Growing concerns over an ‘invasion’ of refugees and migrants helped to elect Donald Trump and sway Brexit voters. Yet the data suggest that the situation is very different from how it is often portrayed.
Researchers warn that misleading reports about the magnitude of flows into Europe and the United States are creating unjustified fears about refugees. That is undermining efforts to manage the massive humanitarian problems faced by those fleeing Syria and other hotspots.

“The alleged increase in migration and forced displacement tells us more about the moral panic on migration than the reality,” says Nando Sigona, a social scientist at the University of Birmingham, UK.

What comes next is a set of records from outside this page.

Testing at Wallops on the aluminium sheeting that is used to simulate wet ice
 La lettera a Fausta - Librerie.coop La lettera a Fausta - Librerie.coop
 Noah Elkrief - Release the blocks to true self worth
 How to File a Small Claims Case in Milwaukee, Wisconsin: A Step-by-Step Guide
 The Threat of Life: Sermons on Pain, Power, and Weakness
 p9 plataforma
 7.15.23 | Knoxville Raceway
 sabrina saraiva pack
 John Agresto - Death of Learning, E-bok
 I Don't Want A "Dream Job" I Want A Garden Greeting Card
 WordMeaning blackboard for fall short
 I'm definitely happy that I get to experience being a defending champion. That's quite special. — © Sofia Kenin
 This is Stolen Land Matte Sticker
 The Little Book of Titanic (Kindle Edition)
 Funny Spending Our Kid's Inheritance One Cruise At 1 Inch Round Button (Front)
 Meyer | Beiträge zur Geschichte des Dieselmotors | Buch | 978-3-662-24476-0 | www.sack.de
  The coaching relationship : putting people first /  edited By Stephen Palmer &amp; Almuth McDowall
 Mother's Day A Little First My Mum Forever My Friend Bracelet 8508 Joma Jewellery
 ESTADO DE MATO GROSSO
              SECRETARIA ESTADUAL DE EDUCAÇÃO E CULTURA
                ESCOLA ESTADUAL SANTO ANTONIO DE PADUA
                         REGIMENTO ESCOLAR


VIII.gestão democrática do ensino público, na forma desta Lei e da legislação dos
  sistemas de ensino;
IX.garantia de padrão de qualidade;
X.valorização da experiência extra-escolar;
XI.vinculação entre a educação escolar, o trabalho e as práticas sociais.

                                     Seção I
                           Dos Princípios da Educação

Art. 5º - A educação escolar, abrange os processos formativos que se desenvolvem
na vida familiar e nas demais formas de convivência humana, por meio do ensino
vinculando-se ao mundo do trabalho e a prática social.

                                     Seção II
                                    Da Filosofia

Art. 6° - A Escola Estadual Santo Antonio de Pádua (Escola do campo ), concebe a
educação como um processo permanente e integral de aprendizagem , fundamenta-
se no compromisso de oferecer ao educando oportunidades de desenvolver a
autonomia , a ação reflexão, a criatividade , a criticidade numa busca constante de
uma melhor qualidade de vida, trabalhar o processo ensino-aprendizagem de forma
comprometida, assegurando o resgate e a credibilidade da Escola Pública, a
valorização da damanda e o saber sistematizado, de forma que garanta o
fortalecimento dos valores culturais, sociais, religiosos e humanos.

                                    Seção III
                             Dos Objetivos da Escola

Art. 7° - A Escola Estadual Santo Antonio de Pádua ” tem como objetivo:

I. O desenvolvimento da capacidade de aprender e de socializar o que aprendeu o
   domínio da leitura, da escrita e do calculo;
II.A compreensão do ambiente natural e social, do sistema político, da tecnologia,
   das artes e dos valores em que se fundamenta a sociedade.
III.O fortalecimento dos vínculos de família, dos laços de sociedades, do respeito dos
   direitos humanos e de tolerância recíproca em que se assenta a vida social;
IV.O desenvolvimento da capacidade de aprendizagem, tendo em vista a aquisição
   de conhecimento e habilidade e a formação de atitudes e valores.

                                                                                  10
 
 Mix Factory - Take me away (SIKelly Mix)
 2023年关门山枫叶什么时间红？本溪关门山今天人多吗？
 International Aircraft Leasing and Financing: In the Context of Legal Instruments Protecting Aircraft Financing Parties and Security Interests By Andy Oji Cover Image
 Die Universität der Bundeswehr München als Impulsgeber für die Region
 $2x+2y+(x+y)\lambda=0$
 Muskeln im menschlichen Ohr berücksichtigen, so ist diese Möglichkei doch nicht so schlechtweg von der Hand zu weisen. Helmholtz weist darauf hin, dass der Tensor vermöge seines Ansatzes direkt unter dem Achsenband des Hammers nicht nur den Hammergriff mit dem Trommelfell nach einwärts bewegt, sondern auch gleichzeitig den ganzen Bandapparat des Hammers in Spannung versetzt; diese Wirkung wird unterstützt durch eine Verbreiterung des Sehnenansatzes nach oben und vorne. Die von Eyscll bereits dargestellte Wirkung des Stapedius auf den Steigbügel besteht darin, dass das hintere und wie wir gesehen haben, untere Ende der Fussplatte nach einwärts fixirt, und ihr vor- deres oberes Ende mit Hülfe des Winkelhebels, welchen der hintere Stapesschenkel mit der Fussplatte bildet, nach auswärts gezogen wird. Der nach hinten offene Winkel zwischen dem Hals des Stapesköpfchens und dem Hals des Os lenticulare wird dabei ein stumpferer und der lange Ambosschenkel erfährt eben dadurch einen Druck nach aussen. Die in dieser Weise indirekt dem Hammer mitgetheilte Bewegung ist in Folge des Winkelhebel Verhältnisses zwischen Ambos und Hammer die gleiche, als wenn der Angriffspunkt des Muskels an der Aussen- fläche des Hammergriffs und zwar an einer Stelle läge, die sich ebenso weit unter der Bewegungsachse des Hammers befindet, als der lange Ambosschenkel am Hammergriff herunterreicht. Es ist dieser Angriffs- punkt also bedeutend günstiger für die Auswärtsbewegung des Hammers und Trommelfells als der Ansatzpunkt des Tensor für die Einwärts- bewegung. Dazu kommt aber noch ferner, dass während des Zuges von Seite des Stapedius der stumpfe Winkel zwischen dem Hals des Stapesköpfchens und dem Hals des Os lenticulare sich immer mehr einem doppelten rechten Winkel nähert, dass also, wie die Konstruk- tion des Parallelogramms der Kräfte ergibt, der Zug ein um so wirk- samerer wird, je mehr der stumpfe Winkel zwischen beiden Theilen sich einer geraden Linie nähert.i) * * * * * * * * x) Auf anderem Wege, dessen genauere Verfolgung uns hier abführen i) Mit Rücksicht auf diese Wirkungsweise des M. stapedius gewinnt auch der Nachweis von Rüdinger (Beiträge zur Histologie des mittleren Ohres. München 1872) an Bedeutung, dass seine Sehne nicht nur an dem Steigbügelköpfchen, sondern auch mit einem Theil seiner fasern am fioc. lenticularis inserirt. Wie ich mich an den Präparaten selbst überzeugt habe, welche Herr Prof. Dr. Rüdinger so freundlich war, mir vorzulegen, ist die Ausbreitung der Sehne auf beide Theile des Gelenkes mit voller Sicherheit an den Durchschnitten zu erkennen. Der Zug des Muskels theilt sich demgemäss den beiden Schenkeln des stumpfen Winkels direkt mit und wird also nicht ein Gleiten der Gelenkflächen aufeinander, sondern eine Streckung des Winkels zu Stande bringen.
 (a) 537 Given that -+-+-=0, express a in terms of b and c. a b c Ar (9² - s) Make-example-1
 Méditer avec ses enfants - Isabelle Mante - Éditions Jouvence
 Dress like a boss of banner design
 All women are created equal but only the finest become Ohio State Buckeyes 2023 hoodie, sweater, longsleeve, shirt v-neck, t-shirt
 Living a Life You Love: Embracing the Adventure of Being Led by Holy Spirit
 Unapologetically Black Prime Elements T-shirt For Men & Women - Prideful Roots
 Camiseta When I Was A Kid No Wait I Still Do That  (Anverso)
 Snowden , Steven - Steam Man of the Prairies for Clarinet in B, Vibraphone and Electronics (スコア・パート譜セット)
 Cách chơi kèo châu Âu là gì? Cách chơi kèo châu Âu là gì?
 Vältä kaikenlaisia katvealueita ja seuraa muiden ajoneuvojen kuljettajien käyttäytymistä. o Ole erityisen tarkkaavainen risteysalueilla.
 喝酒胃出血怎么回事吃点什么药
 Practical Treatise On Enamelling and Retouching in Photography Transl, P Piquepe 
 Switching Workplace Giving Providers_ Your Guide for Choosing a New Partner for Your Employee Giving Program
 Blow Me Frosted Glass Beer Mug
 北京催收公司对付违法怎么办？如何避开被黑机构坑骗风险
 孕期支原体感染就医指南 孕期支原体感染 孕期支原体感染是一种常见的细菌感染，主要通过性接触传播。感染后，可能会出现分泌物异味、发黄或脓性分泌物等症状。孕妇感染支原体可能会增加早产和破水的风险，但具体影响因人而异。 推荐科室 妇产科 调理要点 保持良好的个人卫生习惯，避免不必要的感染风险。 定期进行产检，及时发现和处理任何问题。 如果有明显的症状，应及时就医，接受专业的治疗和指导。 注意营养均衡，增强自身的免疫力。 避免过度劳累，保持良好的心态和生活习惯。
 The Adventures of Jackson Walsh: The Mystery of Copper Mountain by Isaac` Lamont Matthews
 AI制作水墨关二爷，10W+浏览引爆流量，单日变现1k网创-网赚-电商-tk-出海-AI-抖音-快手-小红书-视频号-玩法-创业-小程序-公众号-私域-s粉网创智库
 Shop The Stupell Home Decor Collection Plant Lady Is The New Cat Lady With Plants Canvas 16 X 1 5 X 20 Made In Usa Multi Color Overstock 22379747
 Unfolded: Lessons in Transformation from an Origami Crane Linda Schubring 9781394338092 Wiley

The number of refugees and migrants entering the European Union is low compared with the bloc’s population. Nations in Africa and Asia are absorbing many more. “The number of refugees in Europe is a classic example of perception versus reality,” says geographer Nikola Sander at the University of Groningen in the Netherlands.
Experts also question assessments of the global situation. The UN refugee agency (UNHCR), declared in 2015 that the world was “witnessing the highest levels of displacement on record”. Around 40 million people were ‘internally displaced’ within their home countries. But researchers say that such estimates are often unreliable.

Refugee numbers are easier to track. The UNHCR estimates that there were 21.3 million refugees in 2015; that is only slightly higher than the 1992 figure of 20.6 million, when the global population was just two-thirds of today’s.

Researchers also warn about misinterpreting estimates of international migrants — those who move for economic or other reasons. These numbers can be problematic because the most widely cited UN figures are cumulative. Guy Abel, a statistician at the Vienna Institute of Demography, has studied the dynamic flow and found that the number of people migrating has remained stable over the past 50 years. His latest estimates indicate that migration rate, as a share of global population, has dropped to its lowest point in 50 years.